Exercise: Transcribe each line below verbatim; pictures excluded.
====
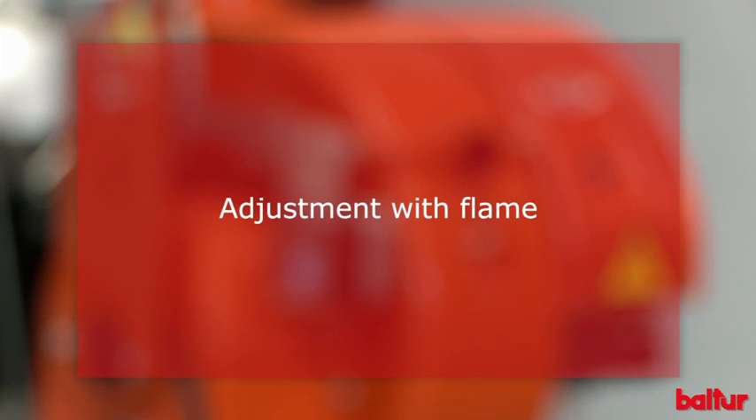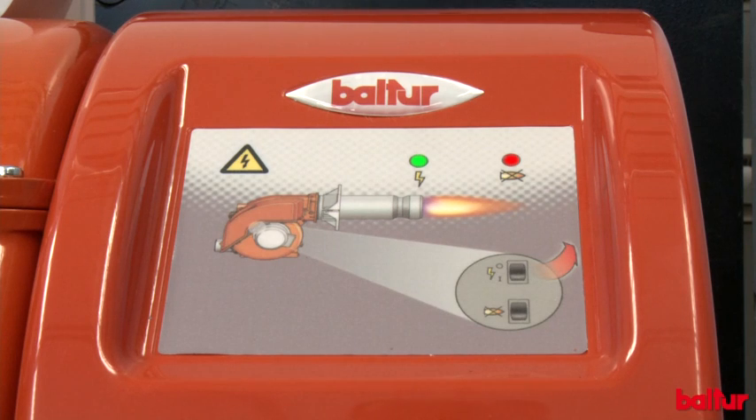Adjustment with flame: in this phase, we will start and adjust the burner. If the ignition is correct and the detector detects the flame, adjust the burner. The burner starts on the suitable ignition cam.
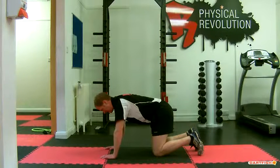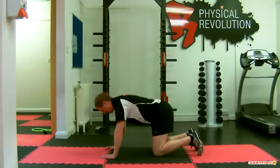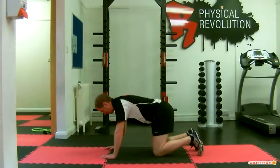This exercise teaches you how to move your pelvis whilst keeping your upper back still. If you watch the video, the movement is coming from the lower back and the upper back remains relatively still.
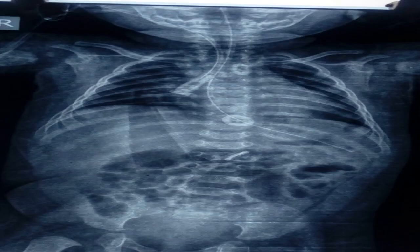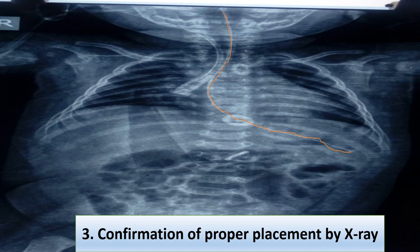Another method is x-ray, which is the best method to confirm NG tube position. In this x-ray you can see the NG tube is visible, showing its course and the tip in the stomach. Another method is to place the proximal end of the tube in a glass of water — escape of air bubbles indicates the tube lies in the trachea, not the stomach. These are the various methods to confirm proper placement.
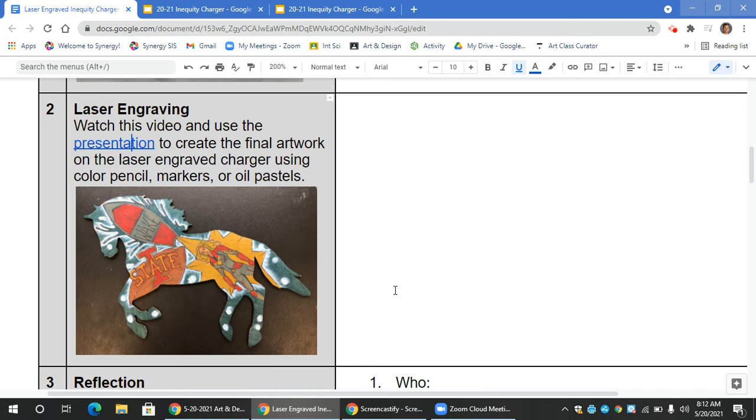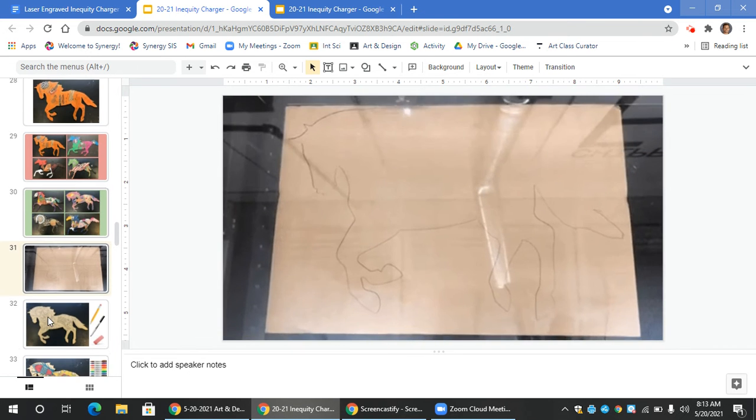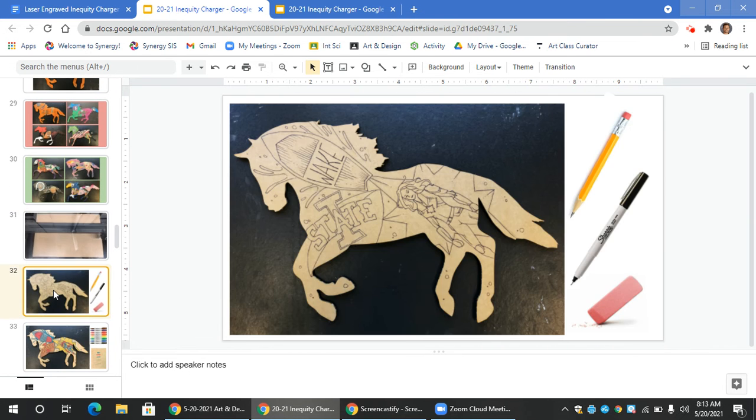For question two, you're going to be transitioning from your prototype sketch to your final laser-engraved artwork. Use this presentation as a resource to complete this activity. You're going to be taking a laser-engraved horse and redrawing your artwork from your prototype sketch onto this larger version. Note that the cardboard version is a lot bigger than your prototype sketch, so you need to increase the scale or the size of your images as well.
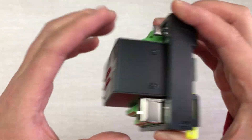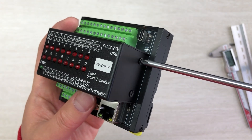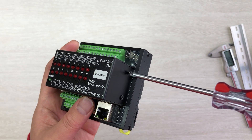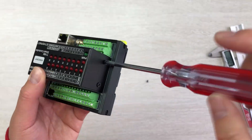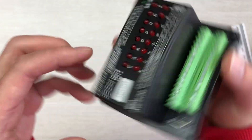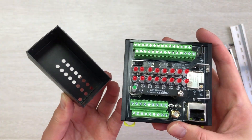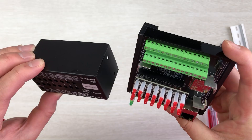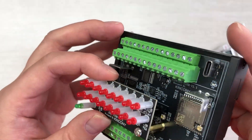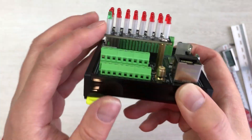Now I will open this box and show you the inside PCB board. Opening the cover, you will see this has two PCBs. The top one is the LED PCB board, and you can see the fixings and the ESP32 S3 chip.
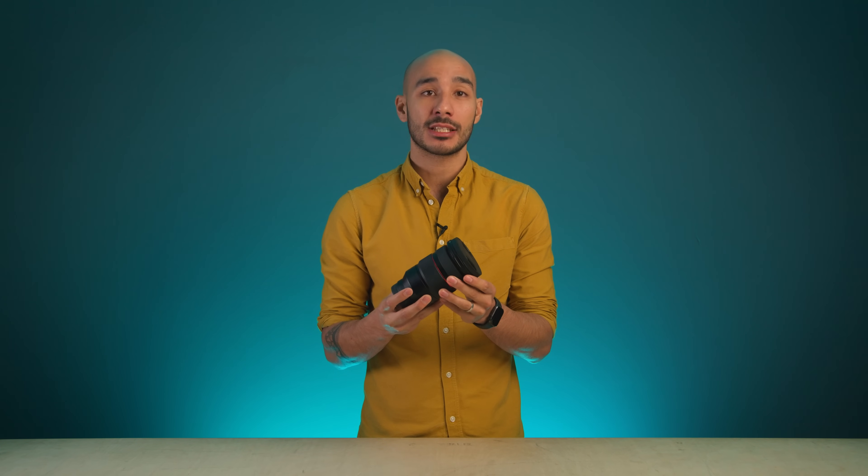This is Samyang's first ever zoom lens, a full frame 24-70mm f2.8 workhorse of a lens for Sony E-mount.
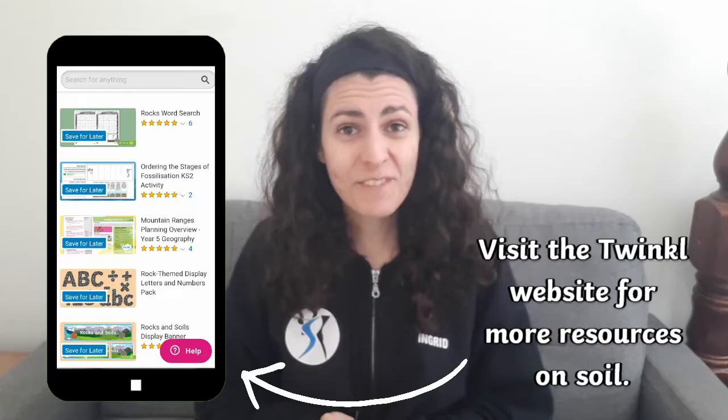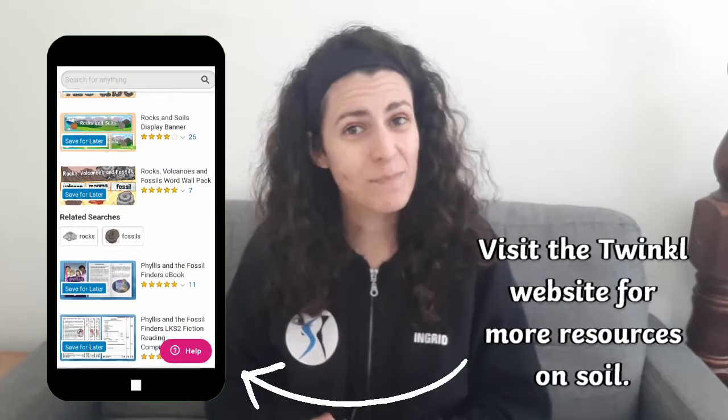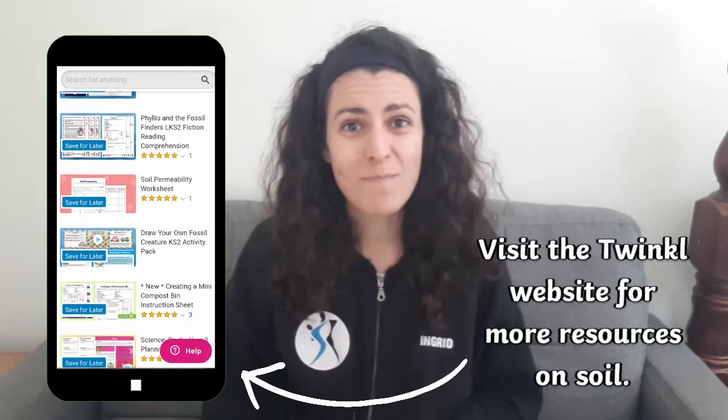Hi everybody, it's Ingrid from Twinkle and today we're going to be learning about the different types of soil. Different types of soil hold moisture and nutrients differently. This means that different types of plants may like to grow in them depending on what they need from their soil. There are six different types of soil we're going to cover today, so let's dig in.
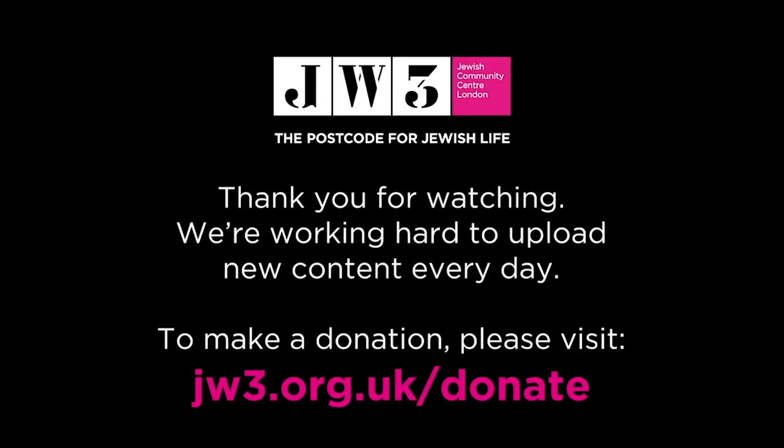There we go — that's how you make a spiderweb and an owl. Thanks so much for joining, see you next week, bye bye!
====
Reply to the task:
Adjustment with flame: in this phase, we will start and adjust the burner. If the ignition is correct and the detector detects the flame, adjust the burner. The burner starts on the suitable ignition cam.
This exercise teaches you how to move your pelvis whilst keeping your upper back still. If you watch the video, the movement is coming from the lower back and the upper back remains relatively still.
Another method is x-ray, which is the best method to confirm NG tube position. In this x-ray you can see the NG tube is visible, showing its course and the tip in the stomach. Another method is to place the proximal end of the tube in a glass of water — escape of air bubbles indicates the tube lies in the trachea, not the stomach. These are the various methods to confirm proper placement.
For question two, you're going to be transitioning from your prototype sketch to your final laser-engraved artwork. Use this presentation as a resource to complete this activity. You're going to be taking a laser-engraved horse and redrawing your artwork from your prototype sketch onto this larger version. Note that the cardboard version is a lot bigger than your prototype sketch, so you need to increase the scale or the size of your images as well.
Now I will open this box and show you the inside PCB board. Opening the cover, you will see this has two PCBs. The top one is the LED PCB board, and you can see the fixings and the ESP32 S3 chip.
This is Samyang's first ever zoom lens, a full frame 24-70mm f2.8 workhorse of a lens for Sony E-mount.
Hi everybody, it's Ingrid from Twinkle and today we're going to be learning about the different types of soil. Different types of soil hold moisture and nutrients differently. This means that different types of plants may like to grow in them depending on what they need from their soil. There are six different types of soil we're going to cover today, so let's dig in.
There we go — that's how you make a spiderweb and an owl. Thanks so much for joining, see you next week, bye bye!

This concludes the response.